Trapped in Hearse: a sequel

The other week I happened to be up on a visit to my mother’s house.  There was no one else there at the time, my two brothers not having arrived as yet.

My mother and I were just sitting and talking of time past.  I happened to mention to her about the Newry Journal and the story about the 1957 curfew. She remembered about my brother David and him having got himself caught on the wrong side of the Linenhall Square barricade.

‘You and your brothers were good children,’ she said, ‘though full of mischief – always getting yourselves into some bother or other.’

My mother then proceeded to tell once again about the old days when my brothers and I were children.  I had heard it all so many times before but I let her recount her memories to me once again.

Mum, with tears in her eyes told me about my father and that terrible time in her life when the doctors told her that dad had only a few months to live.

‘Hodgkin’s Lymphoma,’ she said, ‘was a malignant cancer, a dreadful illness: though the doctors tried their best there was nothing anyone could do for him.  Your daddy was still a young man, only thirty-one when he died and there I was with three young children to bring up on just the basic widow’s pension. Your brother Davy was just seven and John was only ten months old, and do you know that your Father died only a month after your sixth birthday? Your great aunt also lived with us but she was an old lady in her late eighties and was very ill herself.’

I sadly observed the tears filling my mother’s eyes and realised that it must still hurt even after all those years.  Three mischievous children and an ailing old aunt to look after and all on your own: it must have been hard for mum! Yes hard times indeed.

I raised my eyes and looked over my mother’s shoulder and studied the picture hanging on the wall behind her.  The subject of that picture was a beautiful young woman in her early twenties and a handsome young sailor in his Royal Navy uniform.  My mum and dad in happier days, long before the news of dad’s terminal illness.  The tears were beginning to mist over in my eyes now.

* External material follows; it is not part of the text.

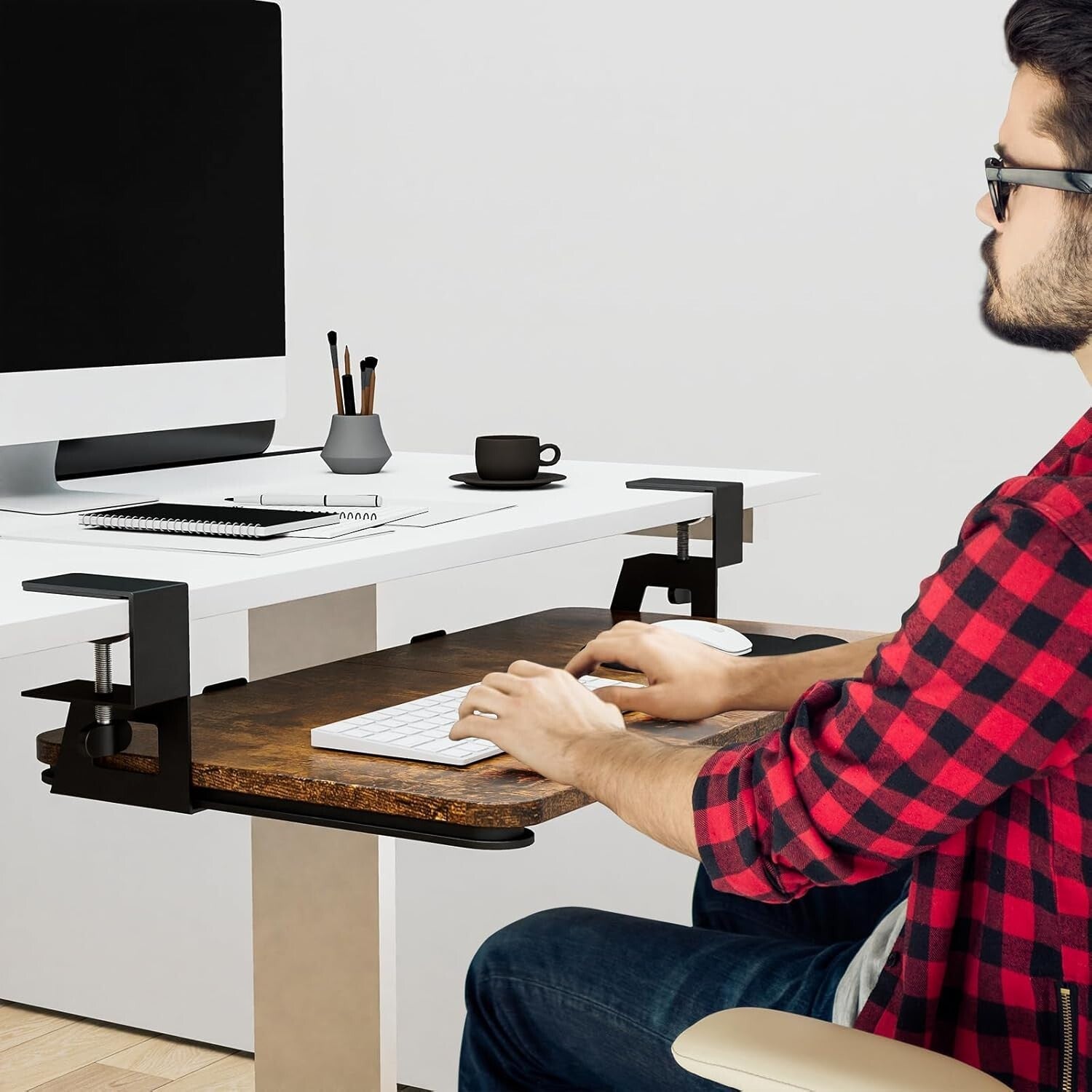 Ergonomic Pull-Out Keyboard Tray - 26.77'' Large Size for Workspace Optimization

‘You know I remember my dad’s funeral,’ I said.  ‘I was just turned six but I remember it well – that big black hearse moving off from the door with Davy and me walking directly behind: I remember the black armbands we wore and uncle Jim keeping us together as we moved along the street.  Did you know that when the hearse moved off David and I tried to get a ride by kneeling on the hearse’s back bumper? Someone, I don’t remember who, pulled us off and said,

‘Show some respect! Don’t you realise it’s your father’s funeral?’

I remember Uncle Jim saying back to that person,

‘ Leave them be! After all they are only children! They have a hard world in front of them yet.’

My mother was smiling at me now almost as if I had said something funny;  the tears had gone to be replaced by a look of pride. She clearly had something to tell me about that funeral.

‘ Wait and I’ll show you something!’  Mum said, and with that she ambled off into the kitchen, returning a few moments later with an old china teapot clutched in her hands. Mother rummaged around inside that old teapot until she found what she was looking for.  From the depths of that container she extracted an aged piece of paper and showed it to me.  It was an old receipt from the undertaker who arranged my dad’s funeral.

‘Look at that!’  said my Mother, ‘Look what that says!’  and with a trembling finger she pointed to the wording at the bottom of the receipt. It said, ‘ No cost.  He was a gentleman and a friend.  Good luck with your children’s upbringing.”